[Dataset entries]
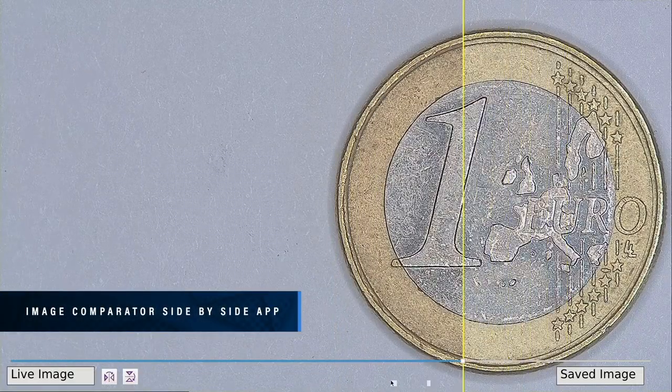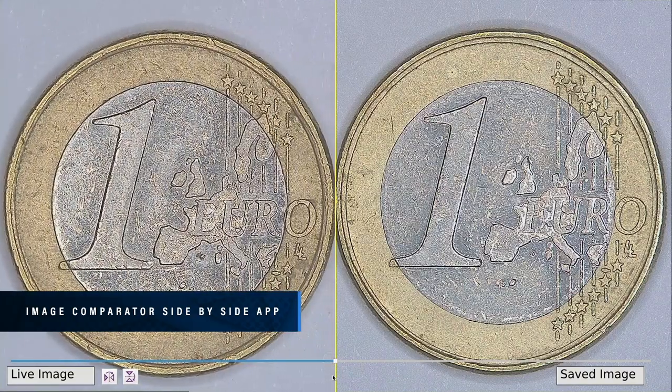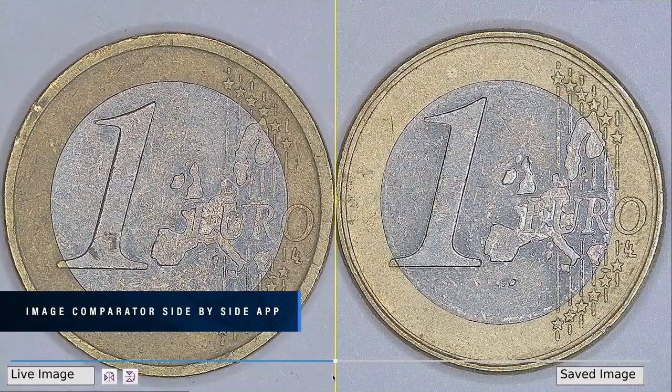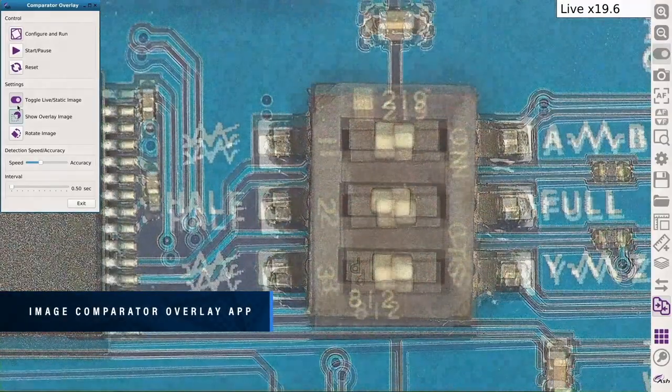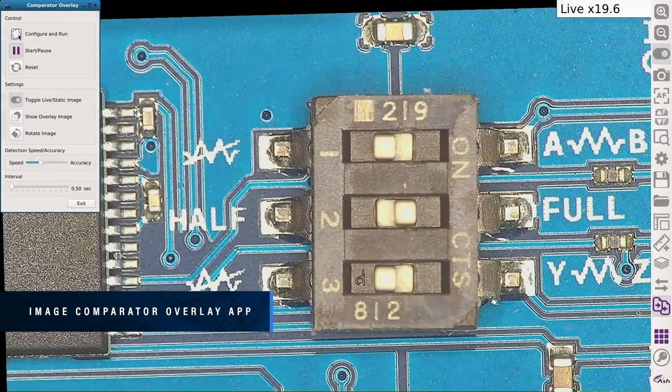Compare live images to a stored golden image on a split screen to eliminate human error and increase throughput for rapid fault detection. Identify defects by alternating between live and master images, and quickly identify the differences between gold and test samples. Remove the need for a costly jig with the power of automatic alignment.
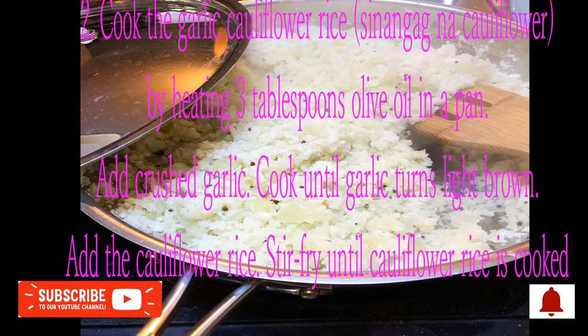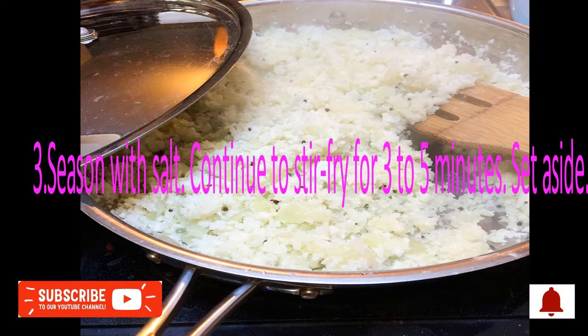Step 2: Cook the Garlic Cauliflower Rice. Make Sinangag na Cauliflower by heating 3 tablespoons olive oil in a pan. Add crushed garlic and cook until garlic turns light brown. Add the cauliflower rice and stir fry until cooked. Season with salt and continue to stir fry for 3-5 minutes. Set aside.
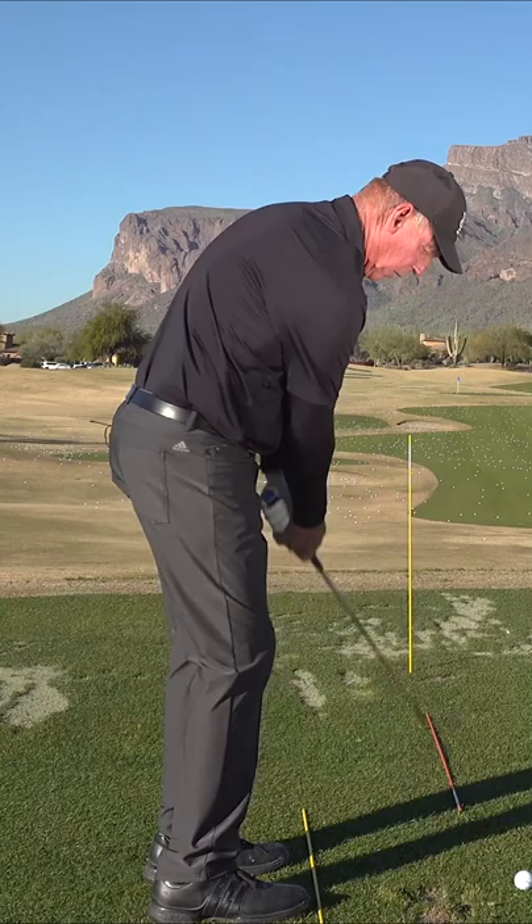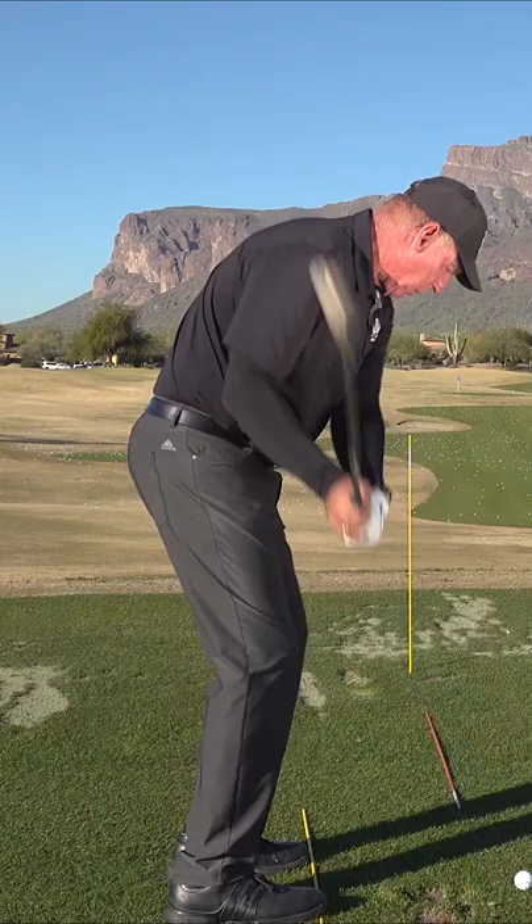So you practice that and then you set up to the ball and you got to go ahead and hit the ground. See, I hit the ground and the club slid. If you hit the ground and the club digs, now you're afraid of it. So you have to learn to use the ground. The ground has to become your friend if you want to get really good pitching the ball.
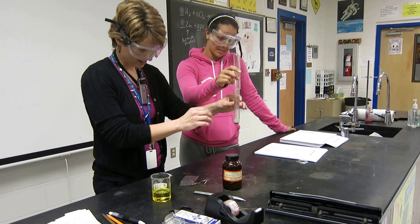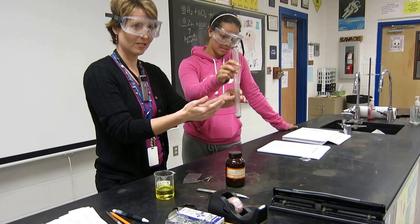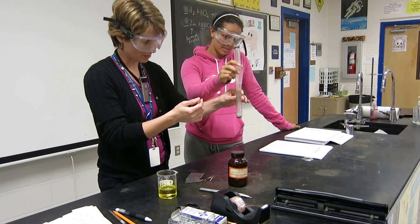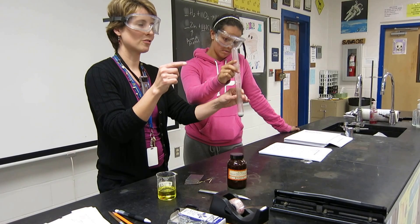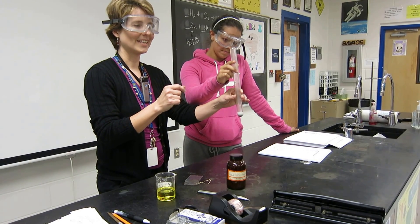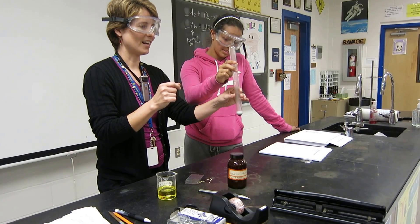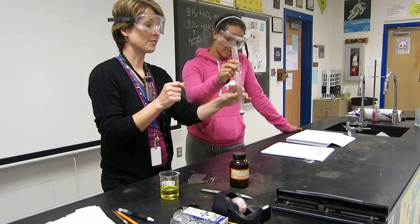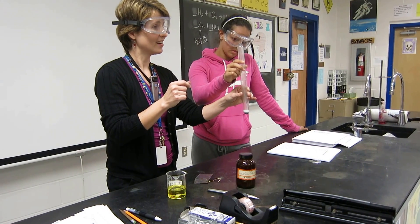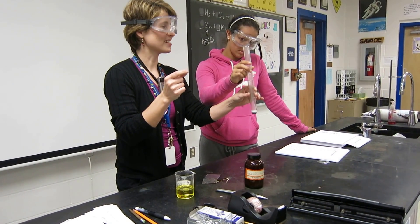Because what do you see down here? Bubbles. Okay, so what kind of gas do you think is being produced in this reaction? Remember, it's zinc with hydrochloric acid. What kind of gas do you think might be produced here? It's a very lightweight gas — atomic number one. Hydrogen gas.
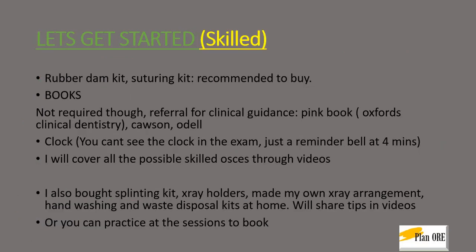So what do you need? We would recommend that you get a few skilled OSCE kits at home so that you can practice them — for example, the rubber dam kit and the suturing kit. We would also recommend you buy a splinting kit and x-ray holders if you can invest some money. It is always good to keep practicing the skilled OSCEs at home. A few of them can be made at home, like hand washing, the waste disposal kits, and the x-ray arrangement. We will be sharing tips in the subsequent videos.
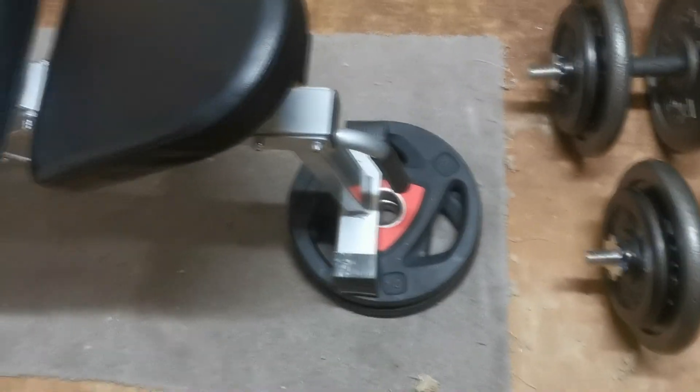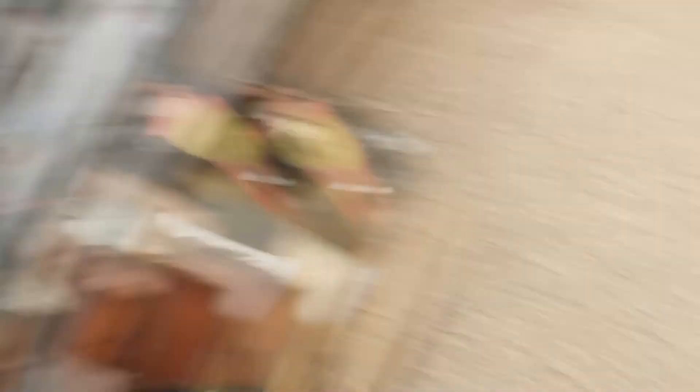My next exercise is incline dumbbell press at about a 30 to 35-degree angle. My bench is maybe slightly higher — I've actually got two plates underneath the front of it just to reduce the incline a bit. I'll do incline dumbbell press to work more of the upper portion of the chest. I'll show the exercise and then go through the form after.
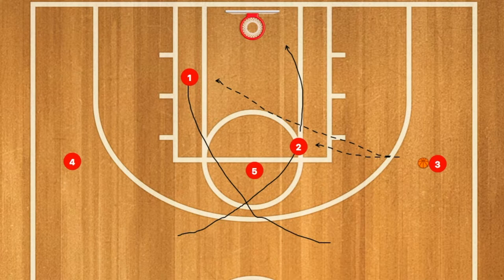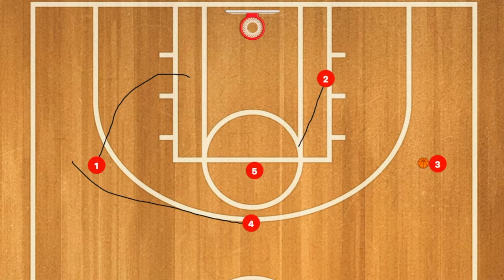Next, one and two will use five as a screen and they might both be open for a layup. If not, two will continue towards the low post. One will fill where player four was, and four will fill where player one was.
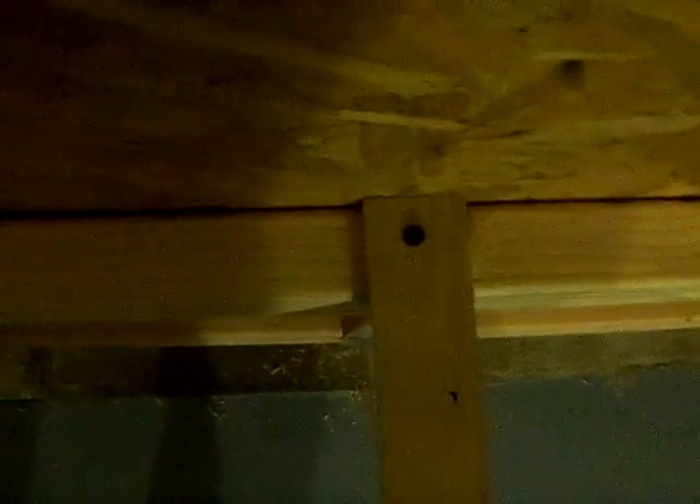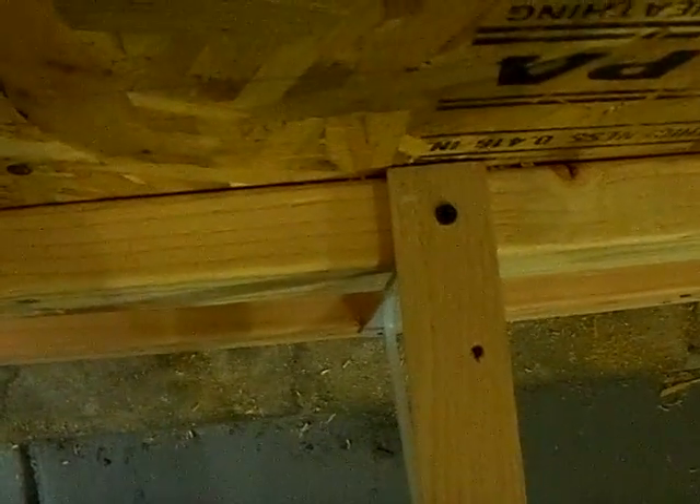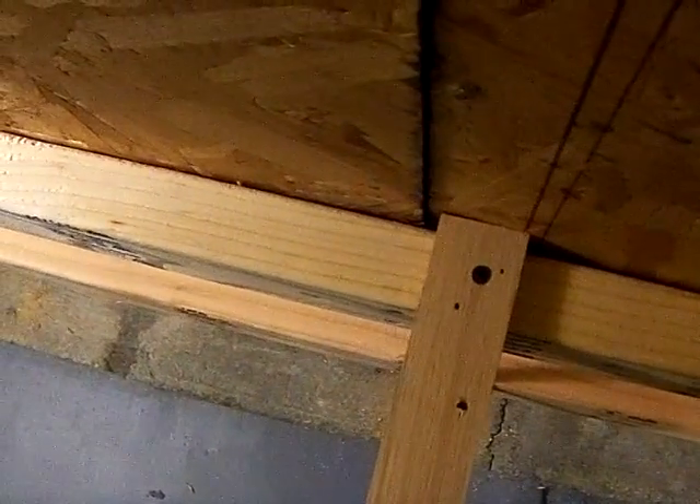Went ahead and screwed in the top of these to keep it in place. Sure it's going to move as soon as I put the countertop on, but all I really got to do is get the bottom and adjust it at the bottom. But at least they're more or less stationary.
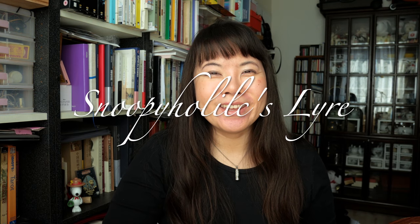Hello everyone, this is Sniff Yolik. It's been more than a year now that I've kept this instrument and played it. I'm not a professional or anything — I'm just a hobbyist of the lyre.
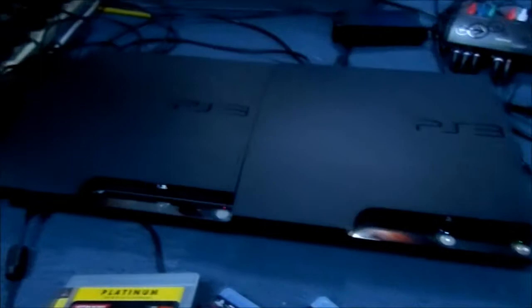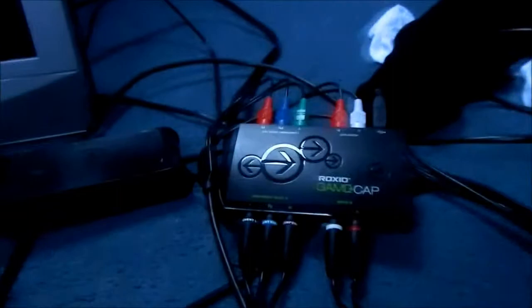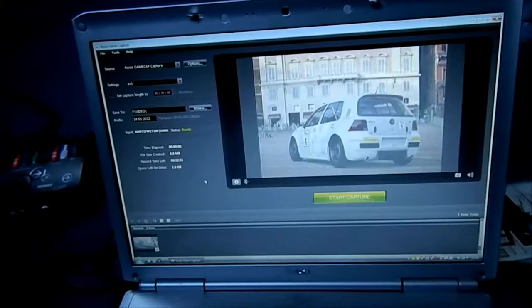This is the netbook that we do all our research on and all the file data and stuff. These are the two PS3s that we do the linked up gameplay on. My HDTV, and that's the Roxio Gamecap that we do all the filming on — this is the software for the Roxio Gamecap — and this is my laptop too.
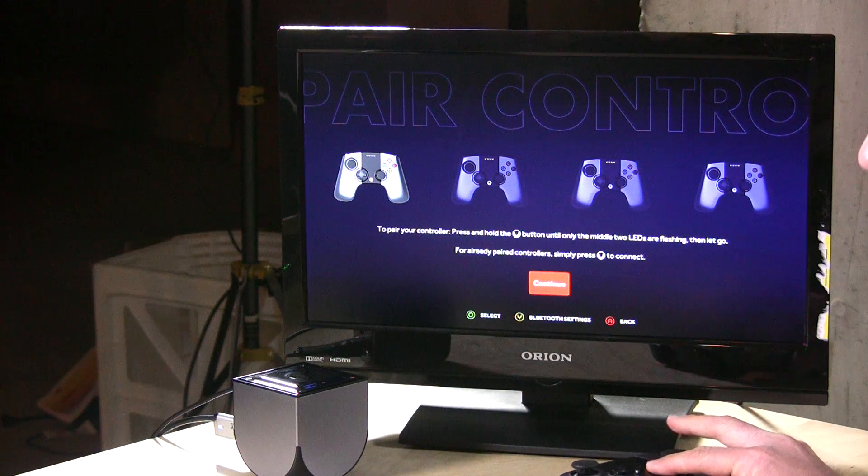Hey everybody, it's Lon Seidman back again with a follow-up on the OUYA. I had a little more time to play with it since my last review and I got some great responses from you in the comments. Today we're going to look at three things: MAME to see how performance is on a Neo Geo game for emulation, XBMC with external storage working, and OnLive, a streaming gaming provider.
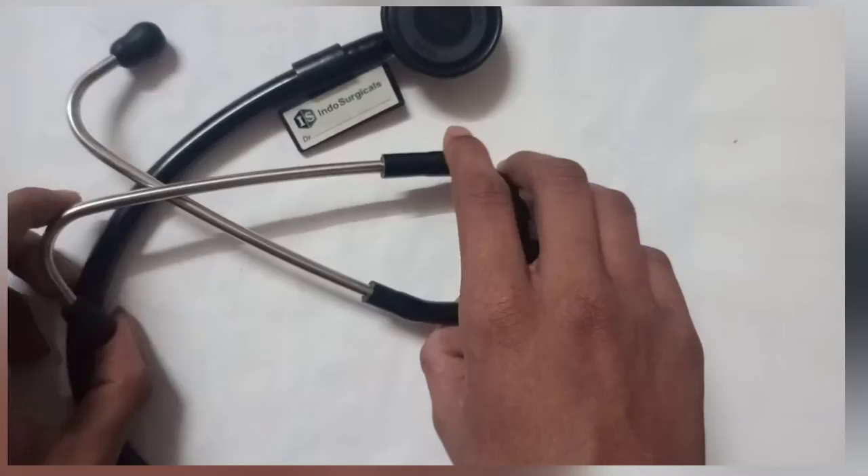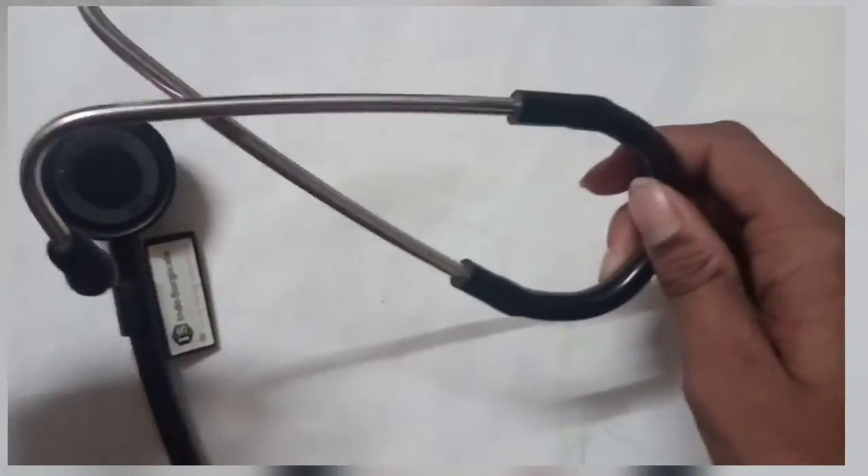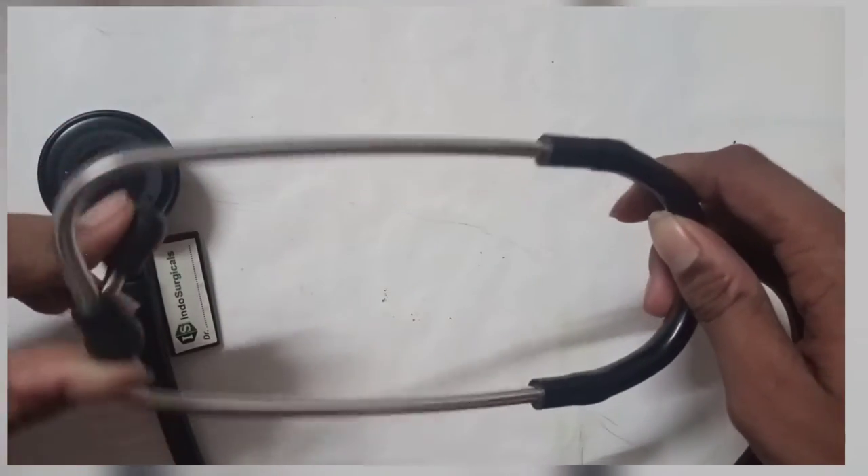This is the Stato Scope. I got this Stato Scope — it's really cool.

— WHAT THIS TASK INVOLVES —
An exact copy is needed of every line from the one holding "This is the netbook" to the end of the entries above, both ends kept and each picture dropped.

— REPLY TO THE TASK —
This is the netbook that we do all our research on and all the file data and stuff. These are the two PS3s that we do the linked up gameplay on. My HDTV, and that's the Roxio Gamecap that we do all the filming on — this is the software for the Roxio Gamecap — and this is my laptop too.
Hey everybody, it's Lon Seidman back again with a follow-up on the OUYA. I had a little more time to play with it since my last review and I got some great responses from you in the comments. Today we're going to look at three things: MAME to see how performance is on a Neo Geo game for emulation, XBMC with external storage working, and OnLive, a streaming gaming provider.
This is the Stato Scope. I got this Stato Scope — it's really cool.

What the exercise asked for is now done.